Le gouvernement propose un «plan d'urgence» contre les violences LGBT

POLITIQUE - Alors que les agressions homophobes se sont multipliées ces dernières semaines, à Paris, Rouen ou encore Toulouse, que les témoignages de victimes affluent sur les réseaux sociaux et que la ligne d'écoute de l'association SOS Homophobie a enregistré 37% de témoignages en plus en septembre 2018 par rapport à septembre 2017, le gouvernement présente lundi un «plan d'urgence».

Dévoilées par Marlène Schiappa, secrétaire d'État à l'Égalité entre les femmes et les hommes et à la lutte contre les discriminations, les principales mesures ont déjà été évoquées jeudi, lors d'une réunion entre Emmanuel Macron et une quinzaine d'associations LGBT à l'Élysée. En parallèle, le président de la République a confirmé que le projet de loi sur la PMA pour toutes ne sera pas présenté et examiné en début d'année mais que la réforme serait menée en 2019.

«Il faut que la honte change de camp […], faire qu'être homophobe ne soit pas banalisé et qu'être harceleur ne soit pas “cool” »

Jean-Michel Blanquer, interviewé par Têtu

Selon SOS Homophobie, Marlène Schiappa doit annoncer une enveloppe de 300.000 euros pour une campagne de communication de lutte contre l'homophobie et la transphobie, car «il faut rappeler encore que l'homophobie n'est pas une opinion», a insisté dimanche la secrétaire d'État. Ce plan comportera «un volet éducatif» de prévention et de sensibilisation à l'homophobie, a-t-elle indiqué, mais aussi «un volet évidemment répressif» face aux violences, ainsi que des mesures spécifiques pour «l'outremer», par exemple, «où il y a un travail particulier à mener».

L'Éducation nationale est largement attendue sur le sujet par les associations. Elles veulent des avancées significatives à l'heure où, dans les cours de récréation, «pédé» est une insulte ordinaire, expliquent-elles.

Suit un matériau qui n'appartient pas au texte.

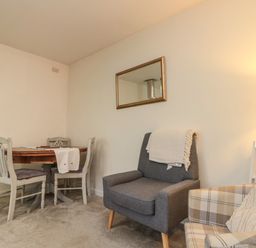 A room with a wooden dining table and three chairs a gray armchair with a blanket and a plaid armchair at Chestnut Cottage in Filey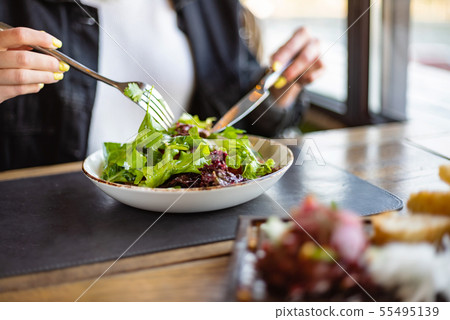 woman eating green healthy salad 55495139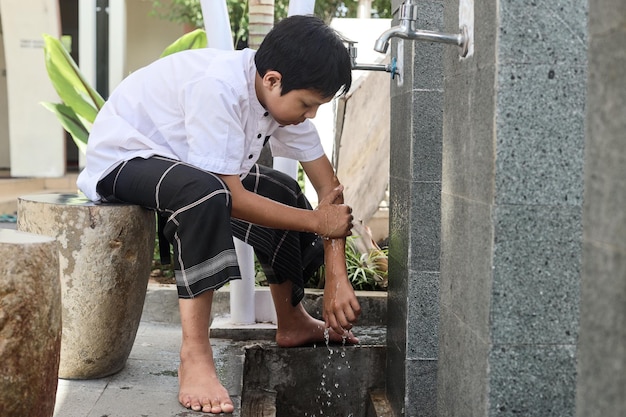 Muslim kids washing left hand to elbow arms, ablution procedure before praying salah.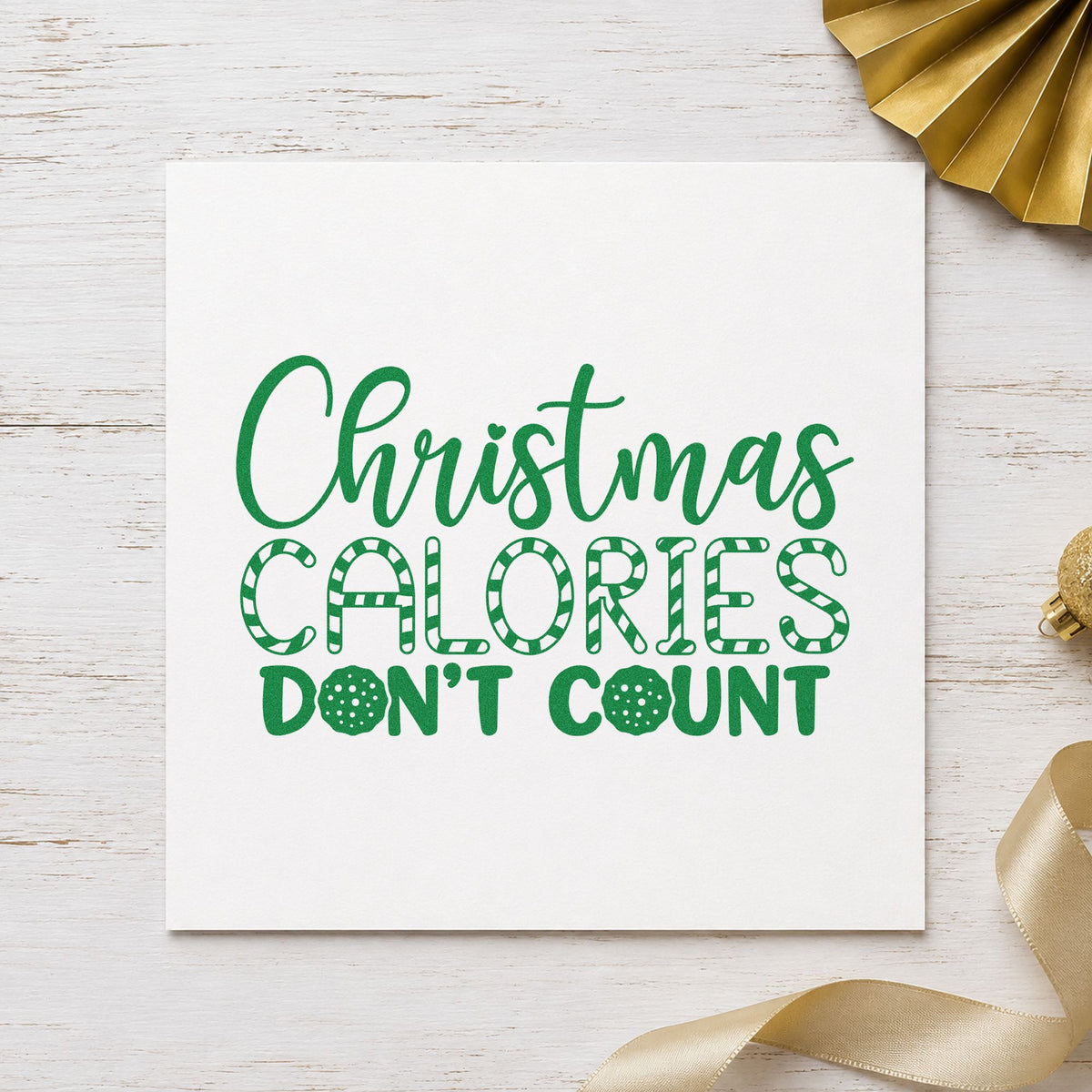 Christmas Calories Don't Count craft stamp imprinted in green ink on paper, a design suited to framed home gym.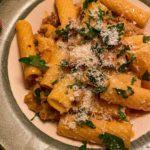 rigatoni pasta mixed with parsley and sausage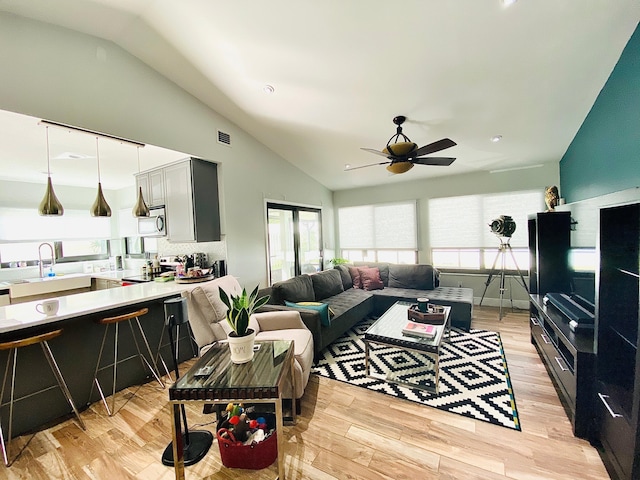 living room featuring light wood-type flooring, ceiling fan, lofted ceiling, and sink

Mais, du côté de la Rue de Grenelle, on marche sur des œufs. L'épisode des «ABCD de l'égalité», qui sous le mandat Hollande avait déclenché une tempête autour du «genre», a laissé des traces.

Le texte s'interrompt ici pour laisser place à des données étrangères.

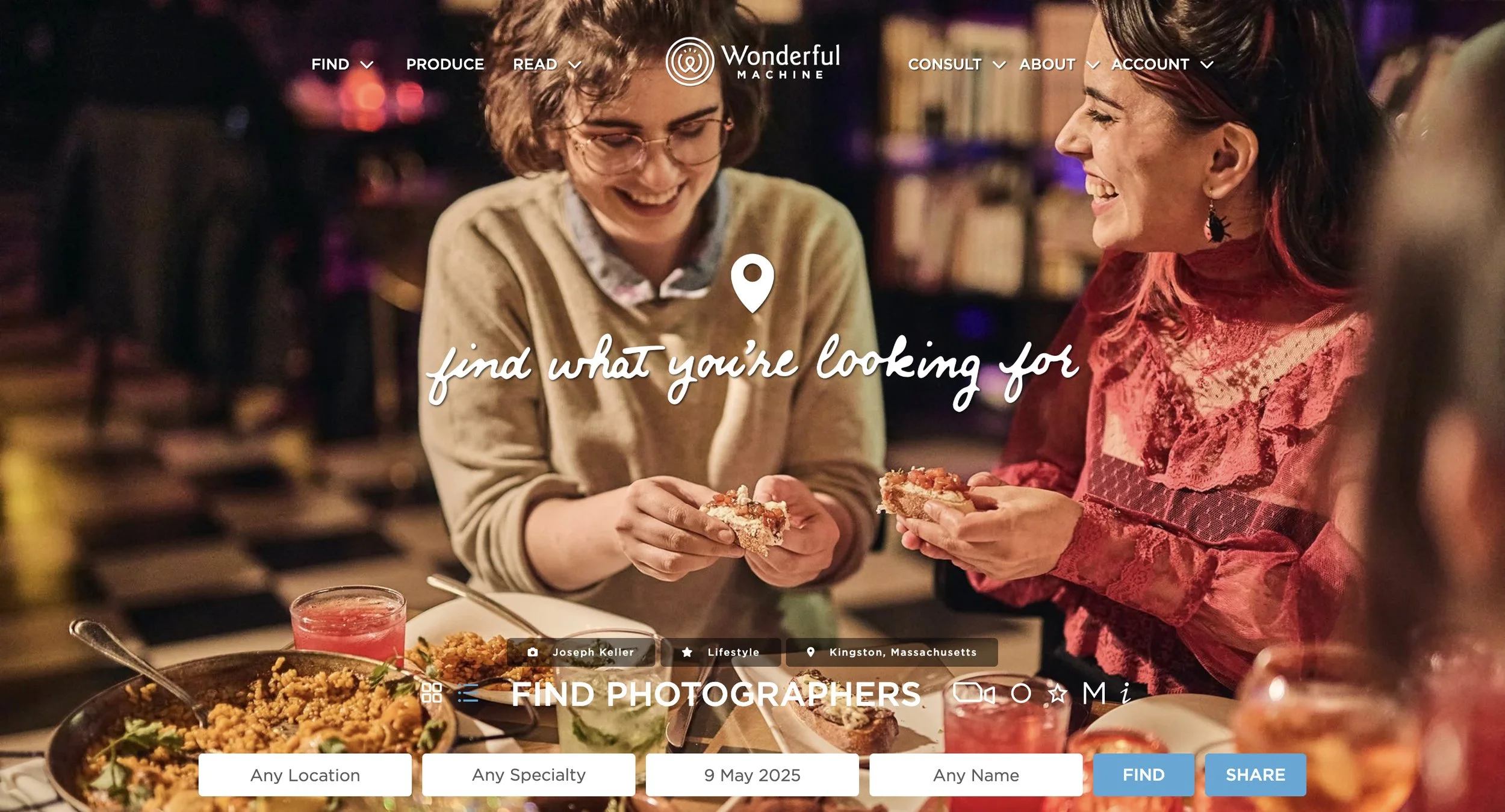 Two women are smiling and enjoying food at a table in a cozy, dimly lit setting. The table has various dishes and drinks, and the background features bookshelves and warm lighting.
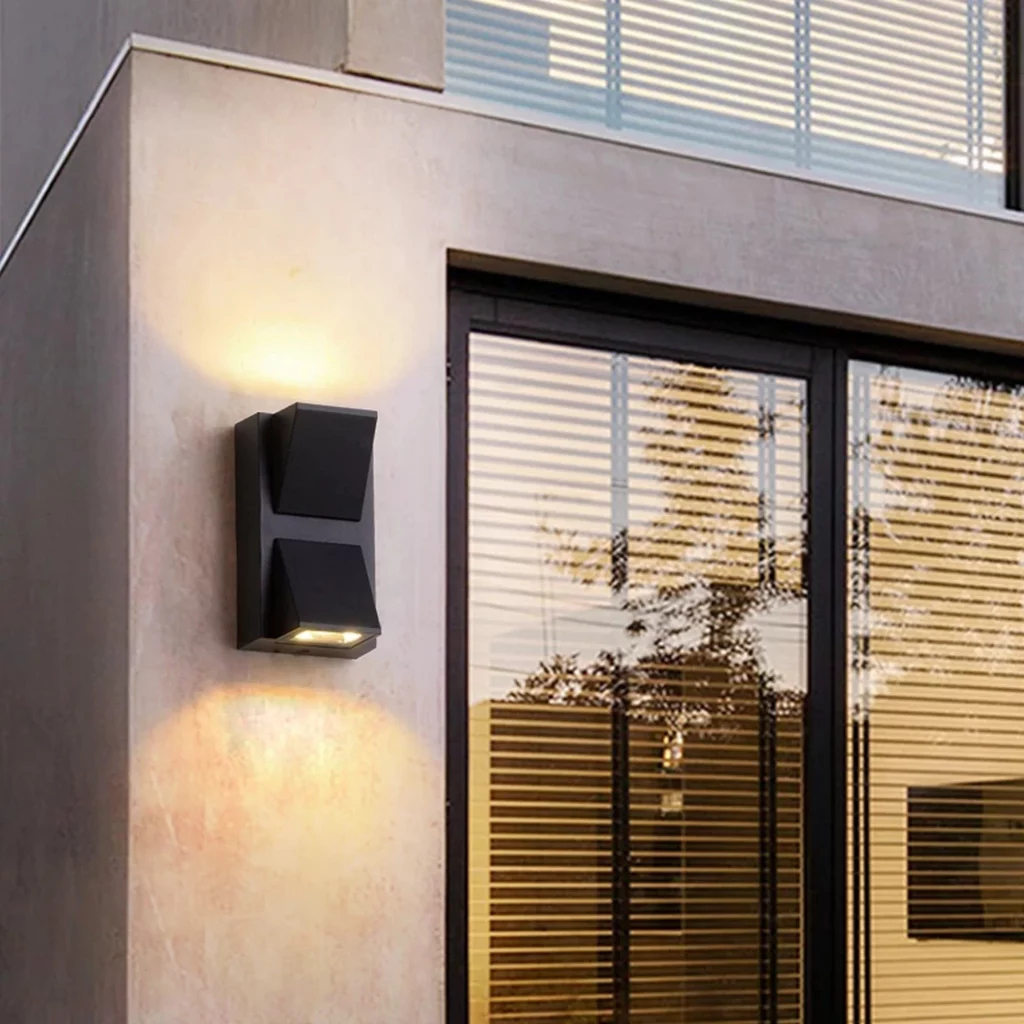 Double Head Projection LED Outdoor Lamp on modern exterior wall casting warm up and down light.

La nouvelle campagne de sensibilisation à la lutte contre l'homophobie et la transphobie dans les établissements scolaires, initialement prévue en décembre, commencera en janvier 2019. «Il faut que la honte change de camp […], faire qu'être homophobe ne soit pas banalisé et qu'être harceleur ne soit pas “cool”», a martelé Jean-Michel Blanquer, dans une récente interview au magazine d'actualité LGBT Têtu.

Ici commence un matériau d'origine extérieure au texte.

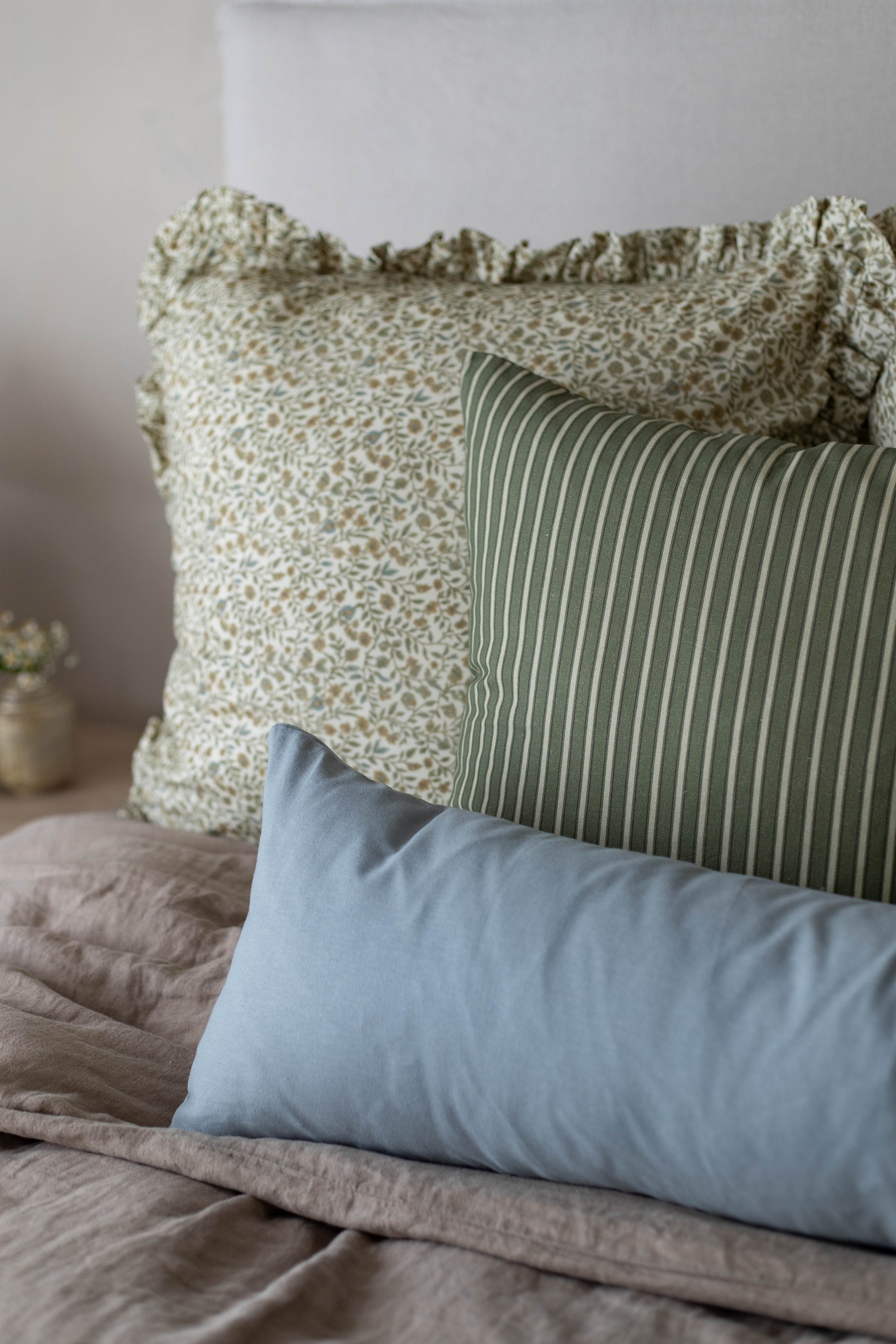 Three decorative pillows with ruffled edges in cream textured, green striped, and blue solid fabrics arranged on a bed.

Lutte contre le sexisme, l'homophobie, la transphobie

Le ministre reconnaît que l'éducation à la sexualité est entrée dans le système scolaire via les sujets de reproduction et que «de ce point de vue, elle est hétéronormée». Mais il fait valoir la récente circulaire d'éducation à la sexualité à l'école, publiée en septembre, qui promeut notamment «la lutte contre le sexisme, l'homophobie et la transphobie». Un texte qui vient simplement rappeler ce que l'Éducation nationale est tenue de mettre en place en la matière depuis… 2003. Car, dans les classes, le sujet reste plus ou moins tabou.

L'Éducation nationale explique que, en 2018-2019, un séminaire de formation au sexisme et aux LGBTphobies est prévu pour les personnels d'encadrement et les formateurs académiques. «Marlène Schiappa nous a aussi promis une intensification de ces séances d'éducation à la vie affective et sexuelle mais reste à savoir comment cela sera mis en œuvre sur le terrain et avec quels moyens», souligne Joël Deumier, président de SOS Homophobie.

Lors de ce rendez-vous avec Emmanuel Macron, l'association a plaidé pour que l'histoire des luttes LGBT soit intégrée aux programmes d'histoire. Elle réclame enfin la création d'un brevet sur la question des discriminations au collège. Fin octobre, Christophe Castaner avait décrit une augmentation de «plus de 15 % du nombre de plaintes pour violences physiques et sexuelles à caractère homophobe ou transphobe», avec «262 faits constatés», depuis le début de l'année 2018 par rapport à la même période en 2017.